Statistical analysis

Study patients were followed from the date of gastrectomy until death, 5 years after surgery, or end of the study period, whichever occurred first. The cumulative survival as a function of time was estimated using the Kaplan–Meier estimator for a descriptive comparison of users and non-users of statins (Supplementary Figs. 1 and 2). Cox proportional hazards models were used to calculate hazard ratios (HR) with 95% confidence intervals (CI) of the mortality outcomes among statin users compared to non-users of statins (reference group in all analyses).
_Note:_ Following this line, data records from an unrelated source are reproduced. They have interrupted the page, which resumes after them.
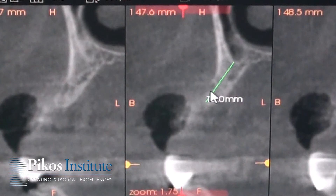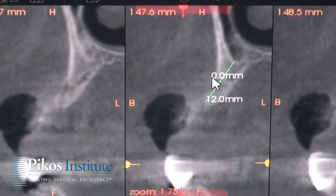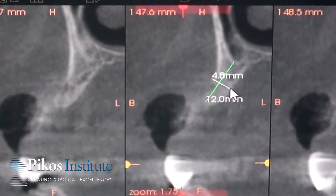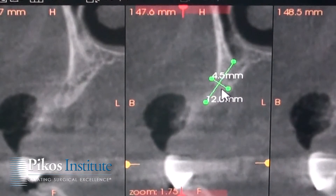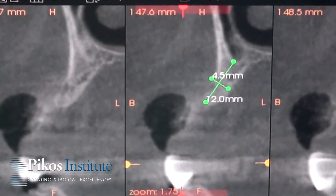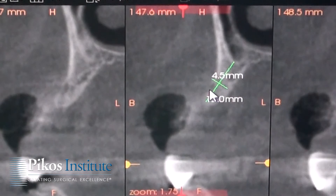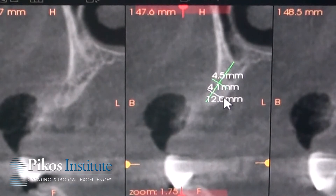Width is the concern. We're looking at approximately 4.5 millimeters roughly at the largest area of width in this section. It's a little bit less than that if we're more to the crest — probably 3.5 millimeters or thereabouts.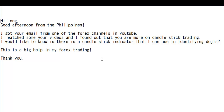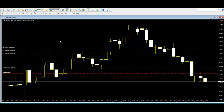Thank you for watching this candlestick trading video. Hi, good afternoon from the Philippines. I got your email from one of the forex channels on YouTube. I watched some of your videos and found out that you are more focused on candlestick trading. I would like to know if there is a candlestick indicator that I can use in identifying patterns. This would be a big help in my forex trading. Thank you.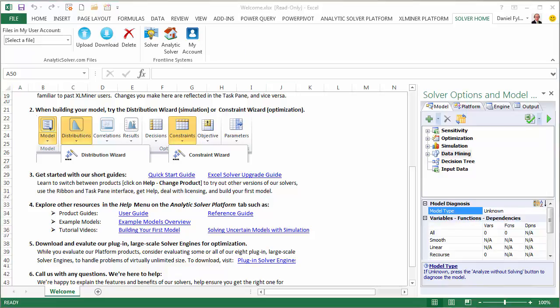If you plan to use only the desktop software in Excel, you're done. But if you'd like to also use analyticssolver.com, the cloud version, please watch the third video.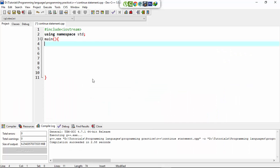First of all I declare a variable of int data type. The variable name is C and I initialize the value of C to 1.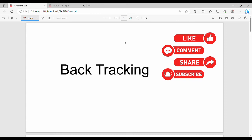In the second unit of compiler design, we will talk about top-down parsing. When we talk about top-down parsing, we will use a concept called backtracking. Backtracking is already used in data structures.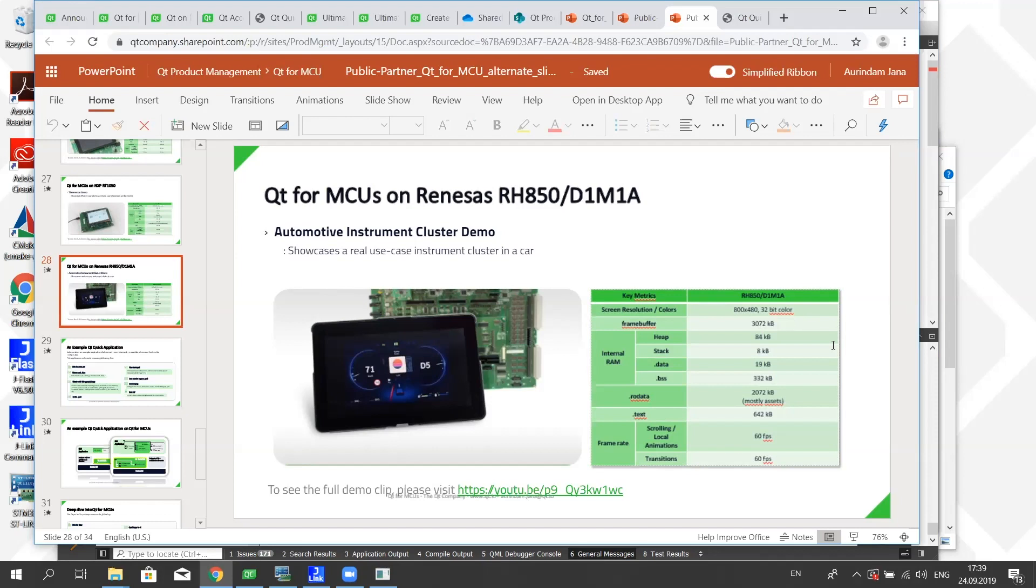But Ari, I know that most people are going to be mostly interested in seeing where they can go find out more and evaluate Qt for MCUs for themselves.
A multivariable model adjusted for the 11 covariates, described and categorised above. Effect modification analyses were conducted for covariates where a differential effect of statins was plausible. This analysis was conducted by including an interaction term in the models for the subgroups of age (≤ 66, 67–74, and ≥ 75 years), sex (male or female), low-dose aspirin use (yes or no), and pathological tumour stage (0–I, II, III, and IV), for which HRs with 95% CI were presented. For the interaction analyses, the variables were categorised. A likelihood-ratio test for each interaction term at the 0.05 level was computed by calculating the difference between the log likelihood statistics in the main adjusted model and the main adjusted model including the interaction term. To manage missing data, we used complete case analysis, i.e., excluded patients with any missing data in the models. Missing data were found in at least one of the 11 covariates in 10% of patients (n = 167) (education, n = 35; surgeon volume, n = 7; pathological tumour stage, n = 36; neoadjuvant chemotherapy, n = 6; tumour sublocation, n = 7; surgical radicality, n = 95). The proportional hazards assumption was evaluated using log–log survival plots and by calculating the correlations between Schoenfeld residuals for the covariates and ranking of individual failure time. The correlations were low, indicating that the proportional hazards assumption was met for all analyses. A senior biostatistician (FM) conducted the data management and statistical analyses according to a detailed and pre-defined study protocol and used the components SAS/BASE and SAS/STAT in the SAS software, Version 9.4 (SAS Institute Inc., Cary, NC, USA) for these purposes.